Science & Technology

The Moon's Formation May Be Why the Earth Has Water

Scientists at the University of Munster have discovered that Earth got its water from a collision with Theia. Theia was the ancient body that collided with Earth and formed the moon. Their discovery shows that Earth's water is much more ancient than previously thought.

The standing theory for the formation of the moon involves an ancient body called Theia. About 4.4 billion years ago, Theia collided with Earth. The collision created a massive debris ring, and the moon formed from that debris.

Standing theory also says that Earth gathered its water over time, after the collision with Theia, with comets and asteroids delivering the water. But the new study from the University of Munster presents evidence that supports a different source for Earth's water: Theia itself.

Scientists have long thought that Theia was a body from the inner solar system, since it was rocky in nature. But the new study says that's not the case. Instead, Theia had its origins in the outer solar system.

Key to understanding these events is the idea of the wet and dry parts of our solar system. The solar system was formed about 4.5 billion years ago, and we know that the way it was structured led to a dry inner region and a wet outer region. Earth is a little bit of a mystery, because it formed in the dry region, closer to the sun, yet it has an abundance of water. So studies like this one, which try to understand how Earth got its water, are important.

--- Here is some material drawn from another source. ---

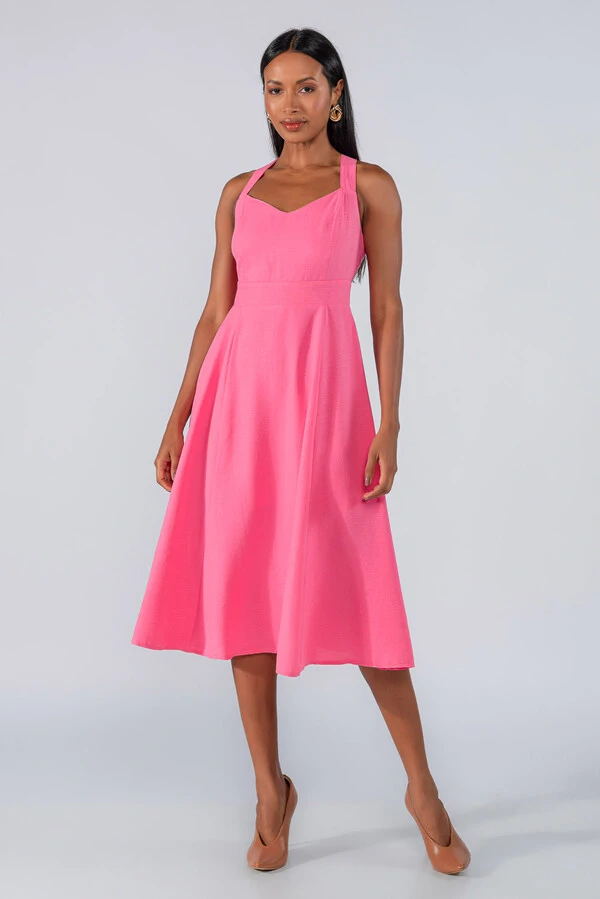 Vestido midi alcas cruzadas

Much of our understanding of Earth's water comes from two types of meteorites: carbonaceous meteorites, which are rich in water, and non-carbonaceous meteorites, which are drier. And carbonaceous meteorites come from the outer solar system, while the drier non-carbonaceous meteorites come from the inner solar system. Got all that?

There's lots of evidence that Earth's water was delivered by the wet carbonaceous meteorites from the outer solar system, but when and how that happened has never been certain. This study brings some certainty to the issue.

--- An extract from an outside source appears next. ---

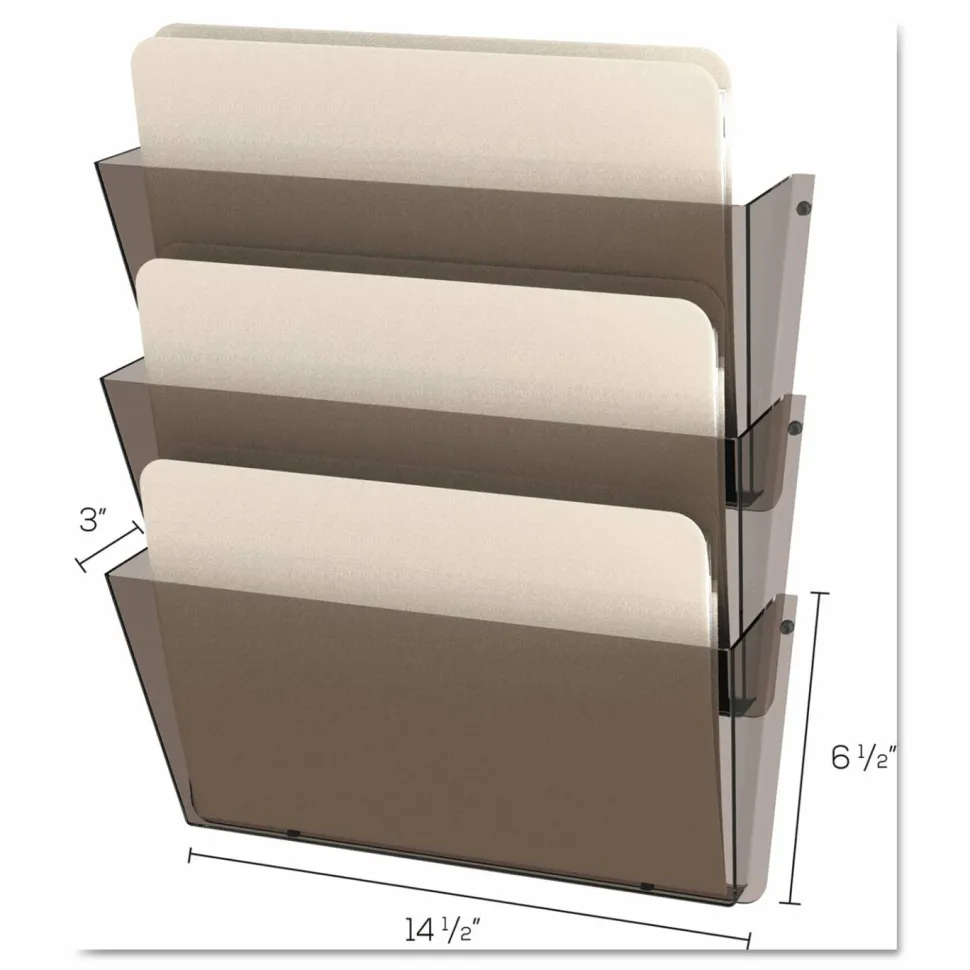 deflecto Unbreakable DocuPocket Wall File, 3 Sections, Letter Size, 14.5" x 3" x 6.5", Smoke, 3/Pack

The study is called "Molybdenum isotopic evidence for the late accretion of outer Solar System material to Earth," and it's published in the journal Nature Astronomy. As the title makes clear, it's all about isotopes of molybdenum, and the difference between the molybdenum in the Earth's core and the molybdenum in Earth's mantle.

The asteroid Vesta, courtesy of NASA's Dawn spacecraft. Meteorites ejected from Vesta may have helped form Earth's water.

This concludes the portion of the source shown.